This was said by African Parliamentarians Network Against Corruption (APNAC) chairperson and Kambuzuma legislator, Willas Madzimure, at an event marking Anti-corruption Day in Harare on Monday.

“APNAC Zimbabwe calls for the speedy enactment of an act of Parliament required under Section 198 of the Constitution, which will go a long way in ensuring corrupt, free a Zimbabwe,” Madzimure said.

Section 198 of the new Constitution requires the legislature to enact a law forcing public officers to make regular disclosures of their assets and establish codes of conduct to be observed by public officers.

The ruling Zanu PF party had in the early 80s a code of ethics that required public disclosure but abandoned the practise midstream.

Zimbabwe Anti -Corruption Commission (ZACC) chairperson Denford Chirindo said the government needed to make sure institutions like his were fully funded.

“There are issues to do with capacity and funding that are very fundamental to the existence of organisations such as ZACC,” he said.

“Zimbabwe has since been ranked number 157 among the most corrupt countries in the world but we gained 6 places to 177 this year meaning we are improving.”

However, last week Chirindo dismissed the Transparency International (TI) ranking arguing the global-anti-graft lobby group was discredited.

“We have to ask who Transparency International is and who its masters are.

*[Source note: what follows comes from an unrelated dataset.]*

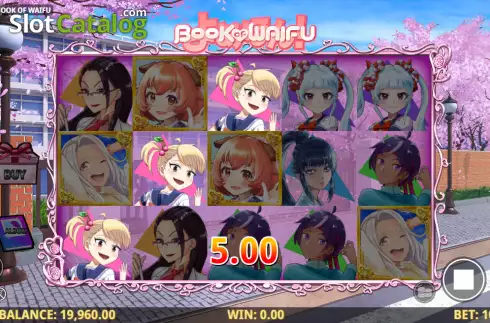 Οθόνη3. Book Of Waifu Κουλοχέρης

They have to justify the funding they receive as a non-governmental organisation,” he said then.

“I was in Vienna (Austria) early this year at a conference organised by United Nations Office on Drugs and Crime (UNODC) and they (TI) failed to justify their rankings.”

In its report on the corruption perception index this year, TI revealed that Zimbabwe had moved positively by six places, a situation the local chapter TI-Zimbabwe said was not a cause for celebration.

The lobbyists also called for the inclusion of anti-corruption in the country’s curriculum at a tender age to raise awareness about the scourge.